◆ Problem details ◆
Wherever the line with "明珠国际 2026年第32周" sits in the listing below, transcribe from it up to and including the line with "Pilz PSSnet SHL", exactly, and leave the remaining lines out.

◆ Data for this exercise ◆
- - - -

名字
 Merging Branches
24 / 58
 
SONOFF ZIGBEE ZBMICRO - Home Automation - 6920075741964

- - - -

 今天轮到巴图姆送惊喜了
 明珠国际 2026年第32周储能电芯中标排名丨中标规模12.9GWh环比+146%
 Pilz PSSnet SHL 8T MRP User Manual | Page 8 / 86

- - - -

◆ Written solution ◆
 明珠国际 2026年第32周储能电芯中标排名丨中标规模12.9GWh环比+146%
 Pilz PSSnet SHL 8T MRP User Manual | Page 8 / 86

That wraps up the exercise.